Ultimately, I want this flip to become “my big catch”. I will try to get +$40k out of this deal and then find a multi-family property and buy that and rent that out for passive income..

Will the seller do a seller carry back? That determines everything

You got a good deal at $117k its just the details that bugs it out for a flip. The costs associated with it will yield you about half of what you were looking for.

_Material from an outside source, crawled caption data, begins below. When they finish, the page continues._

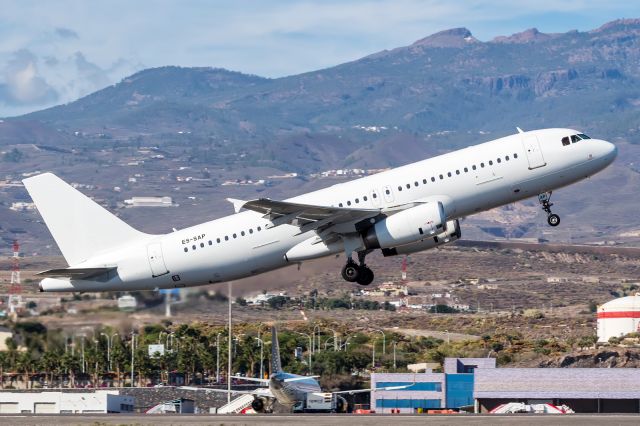 Airbus A320 (ES-SAP)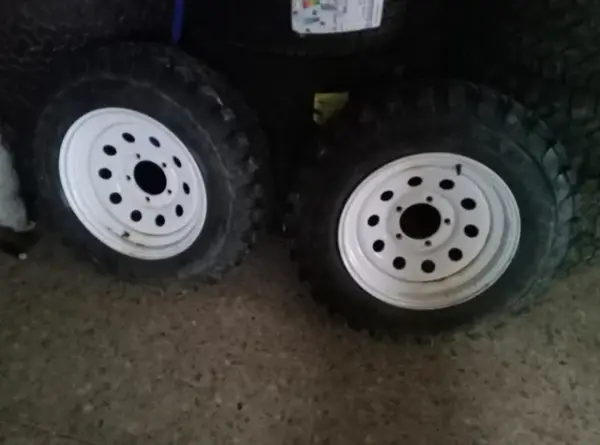 Suzuki (OEM) Samurai · 16x6.0 5x139.7 ET0 · Por Precisar 205/80 R16 · x2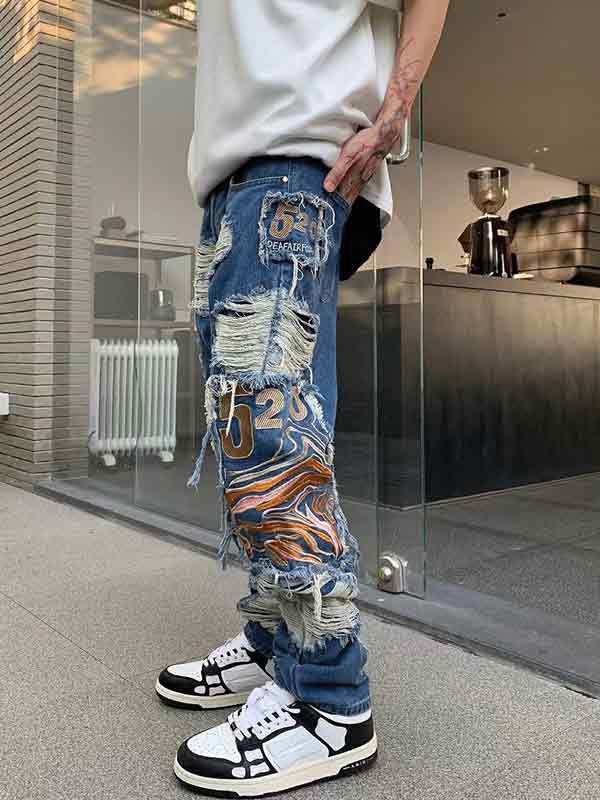Herren-Jeans mit Stickerei, Ripped Burr Loose-1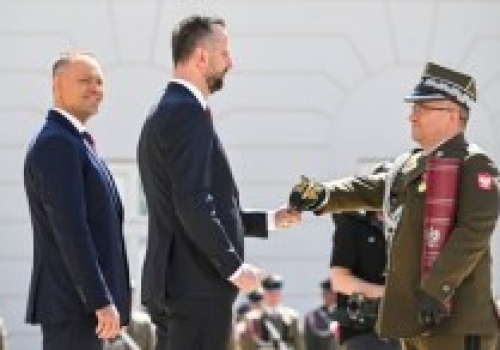 Prezydent wręczył nominacje generalskie.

Here is the numbers[rough estimates only] if you buy at $117k and put $20k into it and sell it for $190k

Purchase $117,000.00

Down      $10,000-20,000

Points and Closing costs 2-3% for escrow and loan lets assume $4000

Mortgage - PITI - $511+100+75[insurance] = $686 x 12 months =$8232 [total carrying costs, less if you sell sooner or live there- But if you sell within 1 year you get killed on short term gains 2x times as long term held for a year or more]

Rehab $20,000

Total investment - $20k+4k+8.2k =$32.2k

Sale $190,000

Sales and Closing Costs - Commission 5% =$9500 + Escrow and title and what not =$5700 = $15,200 Total Closing Costs

$190,000 - $15,200[closing costs]= $174,800 - $32,200[rehab] = $142,600- $117,000[purchase]= $25,600 Gross - Taxes 20-40% = $20,480 - $15,360 Net

If you are only going to net $15k you might as well do a refi at one year and keep the asset and pull out more than 2x time that amount. Borrowed money no tax implication. Refi's though you have to qualify and have provable income.

If you hold for 2+ years as an investment you can do what is called a 1031 Exchange and buy another like kind property and transfer the tax due. It is a great wealth builder technique.

If you live there for 2 years you can claim as owner occupied and same thing you get those profits tax free.